And what do we see on the 4-hour timeframe? The British pound rose for two consecutive weeks without a single minimal pullback. Now there is no news, so why not use this time for a technical correction? Thus, the dollar has been rising in recent days, albeit very weakly, and second, purely on technical grounds.
To understand what to expect next, one should look at the daily timeframe. There, we can see that the price reacted with perfect accuracy to the 38.2% Fibonacci retracement level of the entire upward move since the beginning of this year. In the same area was the Senkou Span B line. In other words, the price bounced from two significant support levels. At the moment, the pound sterling has consolidated above the Kijun-sen (critical line) and the current Senkou Span B value. Thus, the upward trend remains intact. Of course, the correction could push the price down by 100 or even 200 pips, but that would not change the overall picture.

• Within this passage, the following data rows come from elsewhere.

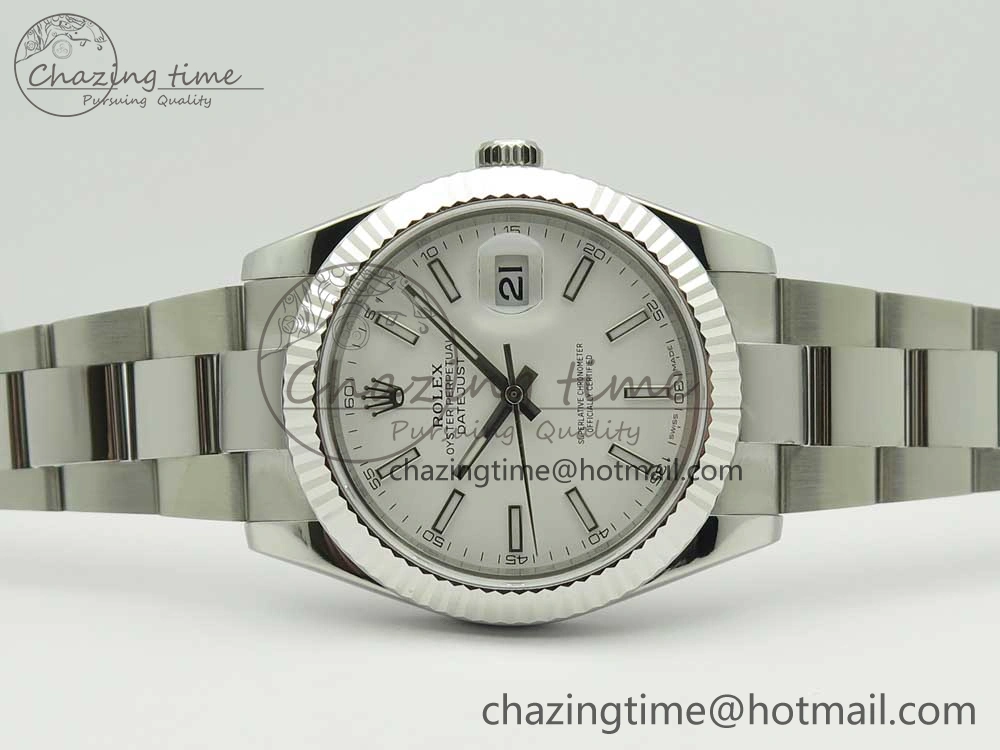 DateJust II 126334 41mm SS BP Maker 1:1 Best Edition White Dial Fluted Bezel on Oyster Bracelet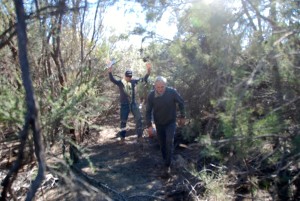 Dan and Cliff pushing through the thickets.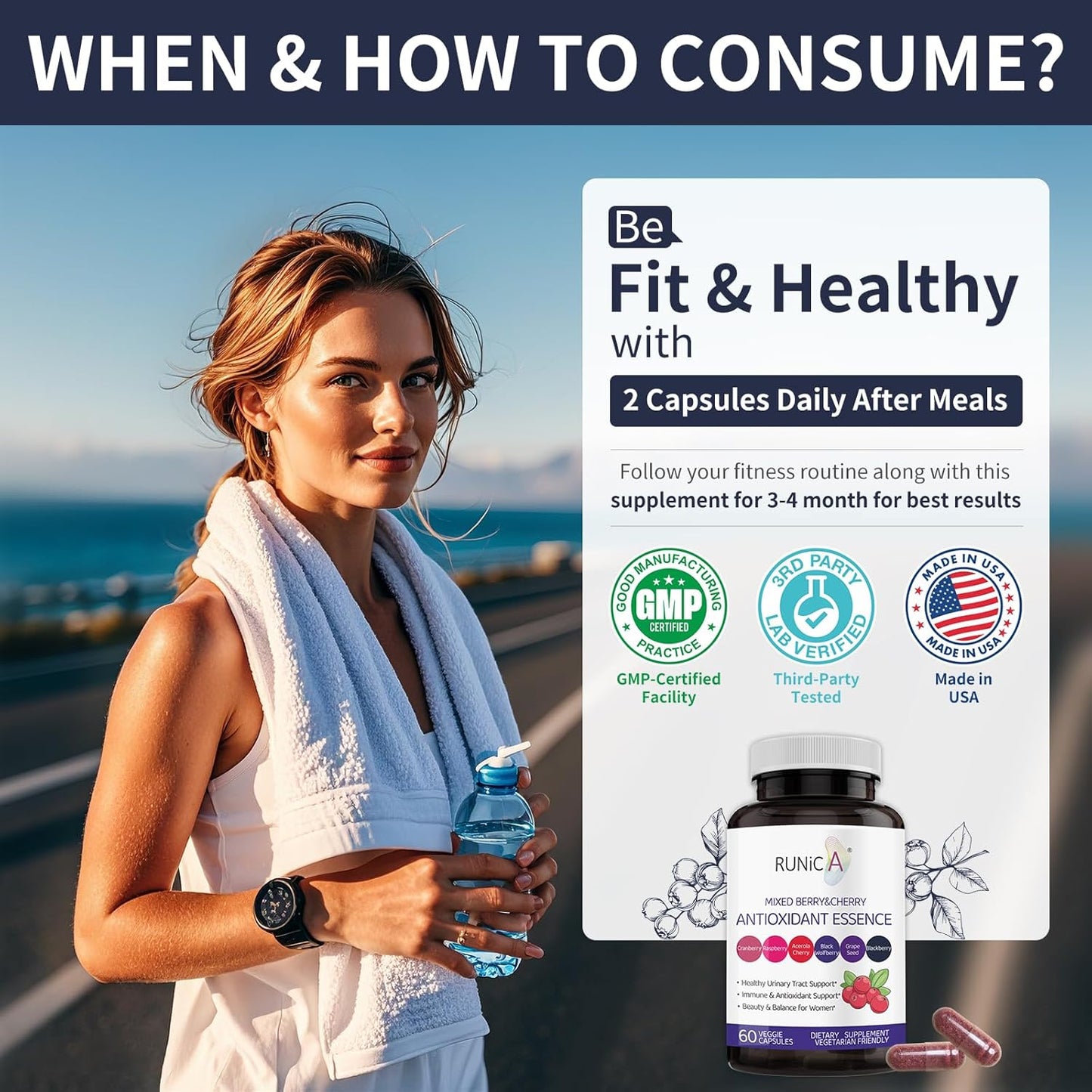 Women's Antioxidant Supplement for Urinary Tract & Immune Health - Cranberry, Grape Seed, Raspberry, Goji, BlackBerry, Acerola Cherry - 60 Capsules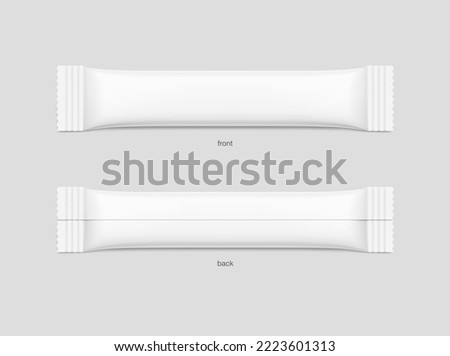 Blank stick package mockup set. Front and back view. Vector illustration. Can be use for food, medicine, cosmetic and etc. EPS10.	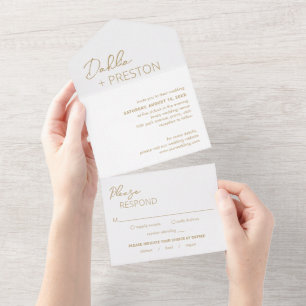 Minimale moderne Gold-Hochzeit All In One Einladung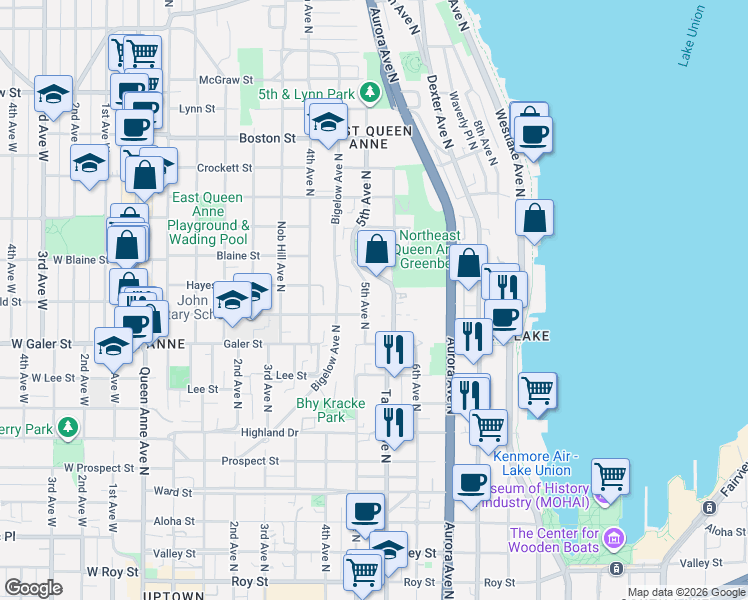 map of restaurants, bars, coffee shops, grocery stores, and more near 1623 5th Avenue North in Seattle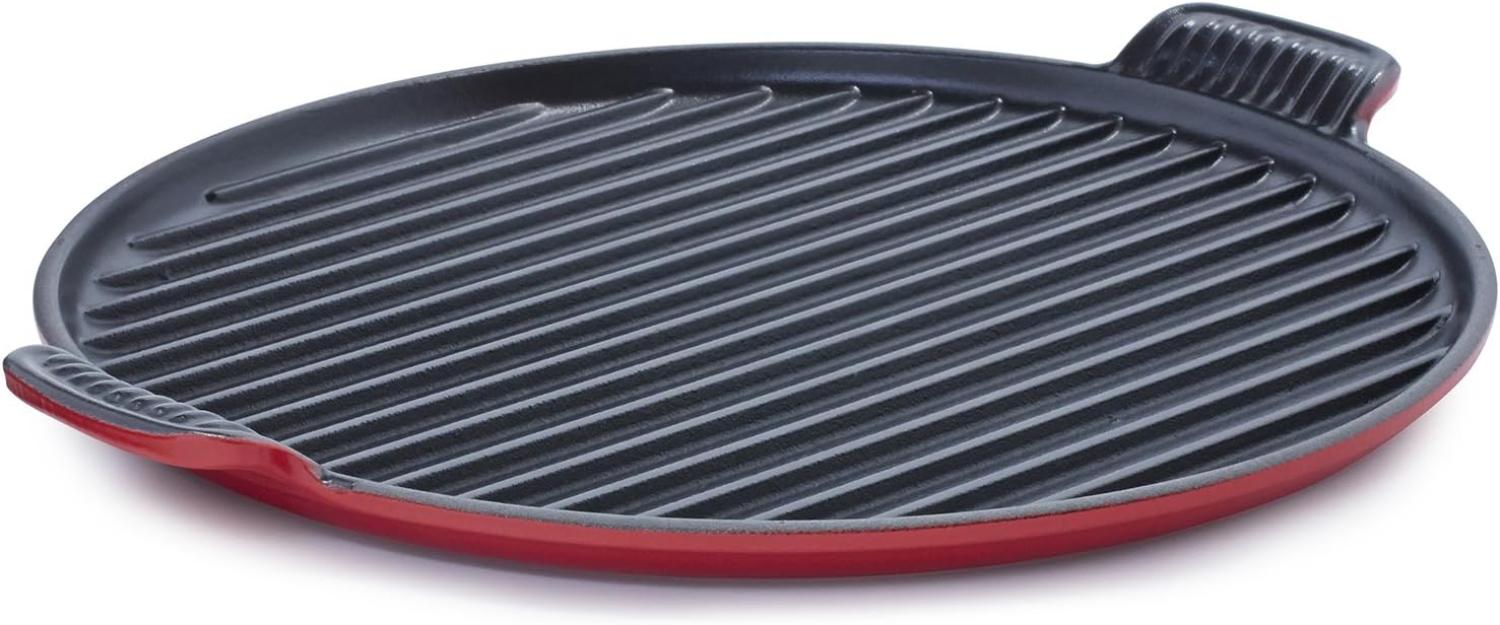 Le Creuset Gusseisen-Grillplatte, Rund, Ø 32 cm, Für alle Herdarten inkl. Induktion geeignet, Kirschrot Bild 1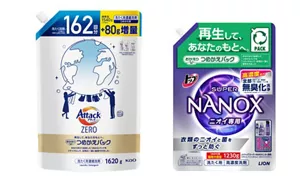 製品画像。アタックゼロとナノックスの詰め替えパック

The dollar has no trump cards—not in hand, not up its sleeve, not under the table. The U.S. currency was depreciating even when the Fed kept the rate at 4.5% and the Bank of England and the European Central Bank were cutting theirs. Now, starting in September, the Fed will resume monetary easing. Donald Trump has no intention of stopping and continues to impose tariffs, raise existing tariffs, and go through a second and third "tariff round." Even several signed trade deals still include the same tariffs. So what kind of de-escalation of the trade war can we talk about?
In addition, the U.S. president interferes in many processes outside his competence. We, of course, support his desire to achieve world peace, and it does not even matter to us that Trump may be doing it for the Nobel Prize. But at the same time, how can one explain his desire to establish control over the Fed or the Bureau of Statistics? And most importantly, why? Foreign investors see this and lose interest in the American economy.
It should also be noted that America is becoming a country only for the wealthy. The poor will have to work 20 hours a day just to make ends meet. The America built by immigrants is essentially rejecting immigrants. It is unlikely anyone will want to move to the U.S. in the near future. Macroeconomic data are not shining with positivity either. GDP is growing, but the labor market is declining, inflation is rising, and business activity is falling. And most importantly, the current White House administration does not need a "strong" dollar. That is, if Trump has the chance to extend a hand to the drowning dollar, he is more likely to throw it a hundred-pound weight instead of a lifeline.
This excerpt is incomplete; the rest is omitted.